July #1GAM: Castaway Exhaustion, Meters, and Richer Experiences

Now that it is July, I’m continuing work on my One Game a Month project, Shipwrecked.

At the end of June, I was trying to create a new image to indicate that the player is either drowning or collapsed on the ground. I had a first try, but it didn’t read very well:

June #1GAM

That last frame is supposed to be the “collapsed on the ground due to exhaustion” image, but it didn’t look very different from the “facing up” image.

So I asked for help on Twitter and Google+, and I got some great suggestions:

July #1GAM - HelpfulTweets

Unfortunately, I ran out of time last month, but that’s when I created Dark Horse last Saturday and submitted that game for June.

So when I got back to work this month on Shipwrecked, I wanted to make it obvious to the player how dangerous it is to stay out in the water too long.

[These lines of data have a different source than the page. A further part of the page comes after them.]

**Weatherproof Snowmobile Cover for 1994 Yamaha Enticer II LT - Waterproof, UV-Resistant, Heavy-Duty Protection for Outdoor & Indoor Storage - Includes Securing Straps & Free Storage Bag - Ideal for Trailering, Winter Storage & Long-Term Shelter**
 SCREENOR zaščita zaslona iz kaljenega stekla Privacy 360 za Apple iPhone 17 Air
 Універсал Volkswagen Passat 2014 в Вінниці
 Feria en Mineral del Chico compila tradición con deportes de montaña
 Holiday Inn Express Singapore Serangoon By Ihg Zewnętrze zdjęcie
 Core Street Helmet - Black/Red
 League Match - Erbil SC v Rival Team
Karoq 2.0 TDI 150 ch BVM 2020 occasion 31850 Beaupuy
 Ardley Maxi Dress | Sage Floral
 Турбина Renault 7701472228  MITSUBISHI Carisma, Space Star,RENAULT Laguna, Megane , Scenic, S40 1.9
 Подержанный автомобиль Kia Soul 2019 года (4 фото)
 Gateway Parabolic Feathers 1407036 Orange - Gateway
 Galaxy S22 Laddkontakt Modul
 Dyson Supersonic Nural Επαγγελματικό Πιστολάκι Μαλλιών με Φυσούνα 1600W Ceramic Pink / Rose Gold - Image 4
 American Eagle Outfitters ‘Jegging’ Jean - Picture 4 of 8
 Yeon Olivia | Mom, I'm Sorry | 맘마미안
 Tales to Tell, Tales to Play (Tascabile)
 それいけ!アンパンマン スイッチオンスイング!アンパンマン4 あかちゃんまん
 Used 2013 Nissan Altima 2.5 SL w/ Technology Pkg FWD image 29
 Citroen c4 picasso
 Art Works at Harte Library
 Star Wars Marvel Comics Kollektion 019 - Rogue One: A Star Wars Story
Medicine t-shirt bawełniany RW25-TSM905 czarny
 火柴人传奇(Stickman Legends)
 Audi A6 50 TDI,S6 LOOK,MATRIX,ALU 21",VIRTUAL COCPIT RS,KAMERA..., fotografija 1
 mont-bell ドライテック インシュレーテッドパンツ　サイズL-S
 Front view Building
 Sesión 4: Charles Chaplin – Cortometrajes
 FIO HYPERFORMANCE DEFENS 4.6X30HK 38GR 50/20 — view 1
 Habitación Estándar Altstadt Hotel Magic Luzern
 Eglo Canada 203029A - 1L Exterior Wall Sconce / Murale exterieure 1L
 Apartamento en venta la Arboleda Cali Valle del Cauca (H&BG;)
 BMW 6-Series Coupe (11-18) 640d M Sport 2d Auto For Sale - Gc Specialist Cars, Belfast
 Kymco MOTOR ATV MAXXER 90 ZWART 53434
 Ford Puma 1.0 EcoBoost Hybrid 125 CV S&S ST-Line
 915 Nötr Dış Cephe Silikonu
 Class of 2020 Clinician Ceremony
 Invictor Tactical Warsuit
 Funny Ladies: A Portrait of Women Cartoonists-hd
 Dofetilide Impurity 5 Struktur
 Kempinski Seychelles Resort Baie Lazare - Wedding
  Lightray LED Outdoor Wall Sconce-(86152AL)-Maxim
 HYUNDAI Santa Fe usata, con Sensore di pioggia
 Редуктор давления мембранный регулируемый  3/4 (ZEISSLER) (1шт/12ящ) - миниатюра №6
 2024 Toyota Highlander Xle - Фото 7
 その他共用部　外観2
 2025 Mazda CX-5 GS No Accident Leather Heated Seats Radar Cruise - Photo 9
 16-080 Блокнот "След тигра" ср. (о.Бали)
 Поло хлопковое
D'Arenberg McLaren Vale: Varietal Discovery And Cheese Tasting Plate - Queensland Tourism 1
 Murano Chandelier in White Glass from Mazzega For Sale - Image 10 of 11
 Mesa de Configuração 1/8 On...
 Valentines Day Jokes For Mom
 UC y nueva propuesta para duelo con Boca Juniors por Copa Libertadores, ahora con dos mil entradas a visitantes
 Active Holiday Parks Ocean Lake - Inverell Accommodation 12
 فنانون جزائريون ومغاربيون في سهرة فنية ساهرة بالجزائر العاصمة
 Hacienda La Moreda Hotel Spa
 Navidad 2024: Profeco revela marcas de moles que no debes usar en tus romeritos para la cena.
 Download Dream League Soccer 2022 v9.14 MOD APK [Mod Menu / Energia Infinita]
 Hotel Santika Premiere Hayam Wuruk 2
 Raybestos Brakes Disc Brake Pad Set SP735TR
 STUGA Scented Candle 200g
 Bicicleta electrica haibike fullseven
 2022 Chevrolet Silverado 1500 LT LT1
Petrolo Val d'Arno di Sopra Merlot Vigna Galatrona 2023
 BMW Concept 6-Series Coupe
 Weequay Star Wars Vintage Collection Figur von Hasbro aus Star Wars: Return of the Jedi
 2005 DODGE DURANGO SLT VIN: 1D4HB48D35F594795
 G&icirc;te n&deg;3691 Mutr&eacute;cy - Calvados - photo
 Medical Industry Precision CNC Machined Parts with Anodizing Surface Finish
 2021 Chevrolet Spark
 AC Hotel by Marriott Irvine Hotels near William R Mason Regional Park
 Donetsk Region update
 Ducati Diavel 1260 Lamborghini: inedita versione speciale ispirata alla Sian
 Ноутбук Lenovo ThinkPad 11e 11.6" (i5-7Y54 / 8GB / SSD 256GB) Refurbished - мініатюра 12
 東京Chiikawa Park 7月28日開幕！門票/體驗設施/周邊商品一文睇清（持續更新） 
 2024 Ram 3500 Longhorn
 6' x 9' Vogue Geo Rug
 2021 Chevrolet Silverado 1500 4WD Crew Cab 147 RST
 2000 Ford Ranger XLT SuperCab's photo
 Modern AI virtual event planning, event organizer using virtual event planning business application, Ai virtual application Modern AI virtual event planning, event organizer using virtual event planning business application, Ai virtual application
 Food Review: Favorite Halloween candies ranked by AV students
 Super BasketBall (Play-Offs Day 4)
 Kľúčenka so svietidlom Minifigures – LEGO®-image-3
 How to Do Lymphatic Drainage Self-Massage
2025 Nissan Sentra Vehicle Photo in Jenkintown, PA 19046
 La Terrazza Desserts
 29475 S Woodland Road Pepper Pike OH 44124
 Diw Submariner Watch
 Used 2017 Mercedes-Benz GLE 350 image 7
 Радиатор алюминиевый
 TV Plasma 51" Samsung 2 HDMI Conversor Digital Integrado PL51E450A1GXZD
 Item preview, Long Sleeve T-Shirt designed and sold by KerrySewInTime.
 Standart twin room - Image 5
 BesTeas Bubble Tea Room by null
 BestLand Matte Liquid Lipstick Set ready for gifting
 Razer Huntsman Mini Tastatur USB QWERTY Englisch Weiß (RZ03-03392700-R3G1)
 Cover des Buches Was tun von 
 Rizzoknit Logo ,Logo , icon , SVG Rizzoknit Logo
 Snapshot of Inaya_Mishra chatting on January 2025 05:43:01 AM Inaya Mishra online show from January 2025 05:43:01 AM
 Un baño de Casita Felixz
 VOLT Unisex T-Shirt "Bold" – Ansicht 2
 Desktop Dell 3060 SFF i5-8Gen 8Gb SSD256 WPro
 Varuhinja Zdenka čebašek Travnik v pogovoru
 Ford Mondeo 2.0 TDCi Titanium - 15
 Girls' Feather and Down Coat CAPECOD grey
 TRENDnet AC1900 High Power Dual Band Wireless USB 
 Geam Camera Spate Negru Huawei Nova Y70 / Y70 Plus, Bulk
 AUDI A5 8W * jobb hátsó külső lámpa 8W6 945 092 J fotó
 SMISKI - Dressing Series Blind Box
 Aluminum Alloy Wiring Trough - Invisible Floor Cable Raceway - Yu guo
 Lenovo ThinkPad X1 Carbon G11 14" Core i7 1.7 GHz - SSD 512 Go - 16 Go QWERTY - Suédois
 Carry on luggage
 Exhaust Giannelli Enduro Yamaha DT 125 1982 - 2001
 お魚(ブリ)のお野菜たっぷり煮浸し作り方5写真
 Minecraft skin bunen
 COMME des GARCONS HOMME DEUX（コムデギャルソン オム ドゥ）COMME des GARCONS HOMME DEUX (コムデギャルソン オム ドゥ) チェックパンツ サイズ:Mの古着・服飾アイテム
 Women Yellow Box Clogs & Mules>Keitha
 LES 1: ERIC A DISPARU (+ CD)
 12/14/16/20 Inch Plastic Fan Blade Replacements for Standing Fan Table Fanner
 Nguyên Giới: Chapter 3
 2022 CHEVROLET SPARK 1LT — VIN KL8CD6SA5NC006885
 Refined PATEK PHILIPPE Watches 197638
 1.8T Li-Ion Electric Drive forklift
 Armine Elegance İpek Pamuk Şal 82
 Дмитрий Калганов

I created a few more frames of animation for drowning, which happens when you’re out of stamina and swimming. You can still swim, but you only have a few seconds of air left. If you run out of air, you die. Swimming has the Castaway bobbing in and out of the water, but drowning shows what little of his face that is above the water in anguish:

July #1GAM

And if you make it back to shore in time, here is the new “collapsed due to exhaustion” look, based on the feedback I received:

July #1GAM

I also added a stamina bar to the top right of the screen. If you are drowning, a second bar appears to give you an indication of how much air you have left. Both of these bars can be seen in the above screenshots.

When you stand still and aren’t swimming, you regain stamina slowly.

What I like about everything I just described is that it is a pretty simple system that provides a better play experience. It is slightly more complicated than what I had before. Originally, if you had no more stamina and were swimming, you instantly drowned. It was harsh, and you had little feedback.

Now, stamina informs whether or not you have the strength to swim. If you don’t, then you start drowning, but you still have time to get back to safety before you run out of air. Air becomes a secondary resource, and the player has more options. Do you risk swimming to that smaller island that may or may not be within swimming distance, or do you turn back? It’s up to you how conservative you want to play. What’s more, stamina doesn’t recover if you are moving, so if you have to keep running away from something chasing you, you are risking the danger of not being able to swim very long.

I’m reminded of a talk given by Chris Crawford in which he discusses the use of variable ranges rather than booleans to provide a larger experience. If you have an NPC in adventure game, you could have a boolean that represents whether or not the character is hostile towards the player, but wouldn’t it be possible to have a richer experience if there were any number of in-between states, such as indifferent? Or secondary states, such as confident or fearful?

While I’m pleased with the stamina and air supply systems, I still need to give the player some way of eating food and recovering from hunger. I could implement a simple system in which touching nearby food objects automatically consumes the food, but in keeping with the above ideas, wouldn’t it be a richer experience to have an inventory system and give the player the choice of when to eat? As a couple of examples, I can introduce the concepts of food spoilage and cooking.

At the same time, July 31st will be here before I know it. I can’t get carried away with feature creep before I have created the core of the game play.